El auditorio de la universidad estaba encantado. Habían imaginado a una especie de prócer de la literatura, a un relamido expositor de su propia fama, y se encontraban con un hombre sencillo, narrador nato que hechizaba a los oyentes, como si les contase un cuento alrededor de la lareira. Prosiguió Saramago:
“Tuve una bella relación afectiva con mi abuelo materno; aprendí muchísimo de aquel campesino analfabeto, que ostentaba una callada sabiduría, esa profundidad de los hombres de la tierra para entender y enfrentar las dificultades y desafíos de una existencia dura y precaria… Casi todo mi bagaje literario proviene de esos años de la infancia, incluso antes de que yo aprendiese a leer; lo demás, ha sido el agregado de la instrucción y algo de metodología, y muchas lecturas, por cierto… Recuerdo que cuando comencé a estudiar experimenté una suerte de rechazo por el lenguaje aprendido, sobre todo, el de mi madre; creí entonces que ella hablaba de manera incorrecta y vulgar… Al cabo de los años he podido apreciar la riqueza de un léxico ancestral que en parte heredé, gracias a ella, basado en esa inmejorable vía de aprendizaje que es la oralidad, a través de la cual las mujeres nos han transmitido, durante milenios, el conocimiento del mundo, las cosmogonías, las tradiciones, en suma, lo que entendemos como cultura…”.

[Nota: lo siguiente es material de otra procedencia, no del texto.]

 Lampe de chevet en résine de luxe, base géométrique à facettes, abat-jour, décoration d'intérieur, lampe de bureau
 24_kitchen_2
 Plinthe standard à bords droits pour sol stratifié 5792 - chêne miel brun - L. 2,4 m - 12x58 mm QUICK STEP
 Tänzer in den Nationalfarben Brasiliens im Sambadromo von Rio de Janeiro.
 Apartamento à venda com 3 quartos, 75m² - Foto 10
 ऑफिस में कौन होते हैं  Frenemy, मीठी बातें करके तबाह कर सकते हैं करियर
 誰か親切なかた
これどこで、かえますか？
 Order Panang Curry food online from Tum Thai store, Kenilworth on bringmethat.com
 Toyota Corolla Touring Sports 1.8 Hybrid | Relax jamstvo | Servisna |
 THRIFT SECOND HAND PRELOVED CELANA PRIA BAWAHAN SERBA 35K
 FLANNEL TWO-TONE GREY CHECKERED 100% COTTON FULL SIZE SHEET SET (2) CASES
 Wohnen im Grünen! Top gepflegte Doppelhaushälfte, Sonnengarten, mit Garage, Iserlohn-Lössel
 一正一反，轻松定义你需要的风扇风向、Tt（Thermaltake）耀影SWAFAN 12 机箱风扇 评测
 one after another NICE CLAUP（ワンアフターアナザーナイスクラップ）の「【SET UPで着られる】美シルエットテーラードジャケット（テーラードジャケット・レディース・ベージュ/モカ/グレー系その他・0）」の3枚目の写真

Terminado el breve discurso, el propio Saramago ofreció la palabra a los asistentes. Respondió, una a una, las preguntas, sin extenderse demasiado, evitando las reflexiones literarias, haciendo del diálogo un intercambio vivo y pleno de empatía. Finalmente, y como es casi habitual cuando se escucha a un grande de la literatura, alguien preguntó cuál era el mensaje que el creador portugués quisiera entregar a los jóvenes. José Saramago pareció dudar un instante. Luego, con voz pausada, desgranando las palabras con el acento portugués de su prosodia, manifestó:
“Sólo puedo decirles que, en un mundo de tanta miseria e injusticia, de insoportables desigualdades, apelen a la bondad, a ese venero que todos los seres humanos llevamos dentro, que esta sociedad parece ahogar con sus luces fatuas… Algún día, quizá, seremos capaces de restaurar la hermandad perdida…”.
Aun a riesgo de caer en egolatría, aquella tarde hice una asociación mental entre la narración de Saramago y la vida aldeana de mis ancestros gallegos, tan similar a la de los hermanos portugueses, que jamás debieron ser “fronterizos” de Galicia, porque ambos constituyen ramas del mismo tronco galego-portugués, plantado en ese élan vital común que germinó entre el ansia de aventuras, el lirismo de la saudade y el apego amoroso al trabajo de la tierra.
Quizá José Saramago camine hoy por las corredoiras de la aldea remota. Es posible que se reúna con mi padre, beban un rojo vino del país e intercambien viejas historias con espíritu siempre nuevo, como el viento y la lluvia que jamás repiten sus sonidos, aunque canten a diario... También el mar se acabó para Saramago, pero la tierra lo espera para acogerlo en el último abrazo germinal.